Fig. 1 shows results for the input signal $u_{1e}\left(t\right)$ = $\mathrm{s}\mathrm{g}\mathrm{n}\left(\mathrm{s}\mathrm{i}\mathrm{n}\right(0.5t\left)\right)$. The B-spline parameters considered for this case are $N_c$ = 5 and $k$ = 0, and the homotopy gain parameter $\mathrm{\Gamma }$ = 500. It can clearly be seen from Fig. 1(a) that the identified input $u_1\left(t\right)$ is nearly identical to the actual input $u_{1e}\left(t\right)$. Fig. 1(b) shows the comparison between experimental displacement $q_{1e}\left(t\right)$ and displacement obtained by integrating the mathematical model $q_1\left(t\right)$ with the identified input $u\left(t\right)$. From Fig. 1(b) it is clear that $q_1\left(t\right)$ matches very closely with the experimental data $q_{1e}\left(t\right)$.

Fig. 1a) Actual input u1e(t)=sgn(sin(0.5t)) and identified input u1(t), b) experimental displacement q1e(t), and model displacement q1(t) obtained using u1(t)

a)

b)

Fig. 2 shows results for the input signal $u_{1e}\left(t\right)=u(t-2)-u(t-3)$. The B-spline parameters considered for this case are $N_c=$6 and $k$ = 0, and the homotopy gain parameter $\mathrm{\Gamma }$ = 150. It can clearly be seen from Fig. 2(a) that the identified input $u_1\left(t\right)$ is nearly identical to the actual input $u_{1e}\left(t\right)$. Fig. 2(b) shows the comparison between experimental displacement $q_{1e}\left(t\right)$ and displacement obtained by integrating the mathematical model $q_1\left(t\right)$ with the identified input $u\left(t\right)$. From Fig. 2(b) it is clear that $q_1\left(t\right)$ matches very closely with the experimental data $q_{1e}\left(t\right)$.

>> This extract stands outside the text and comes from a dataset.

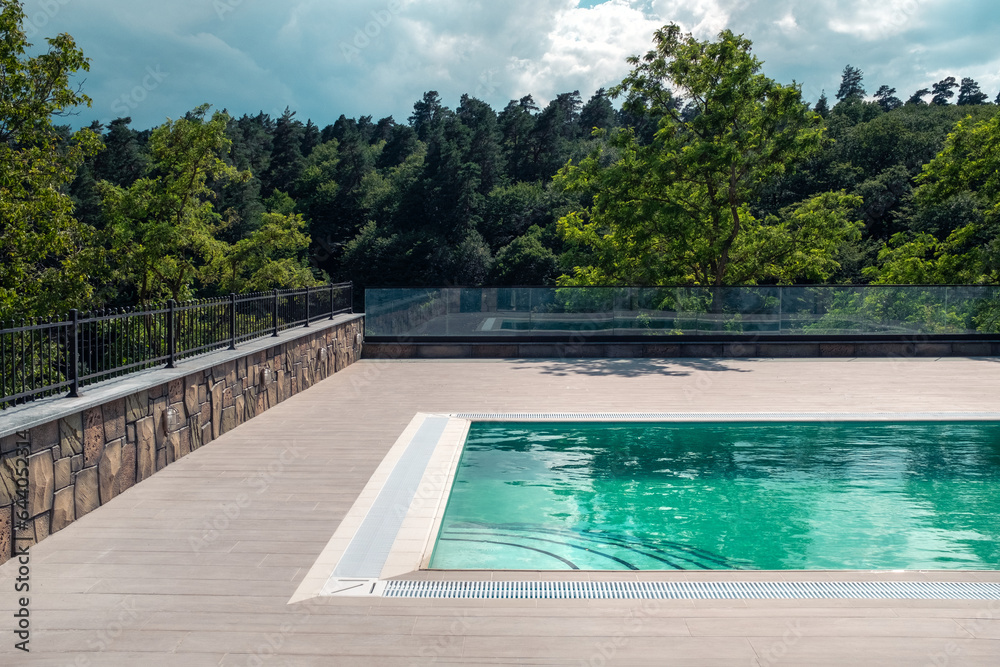Obraz premium Luxurious swimming pool in nature, calm holidays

Fig. 2a) Actual input u1e(t) = rect(t), 2≤t≤3 and identified input u1(t), b) experimental displacement q1e(t), and model displacement q1(t) obtained using u1(t)

a)

b)

6. Conclusions

In this work, the input reconstruction problem for non-linear dynamical systems is studied. Through input vector parameterization, the unknown input identification problem is reformulated as a parameter identification problem, which is then solved using the ideas of Homotopy transformation. Homotopy transformation is considered so that the global optimum is achieved. A theoretical analysis of the homotopy transformation is presented in this work, in which it is shown that as long as the high-gain observer synchronizes the experimental and model response, the global optimum of the objective function can be identified. Finally, the accuracy of the proposed methodology is demonstrated via a numerical example in which it is shown that by using the proposed methodology one can effectively reconstruct the unknown inputs.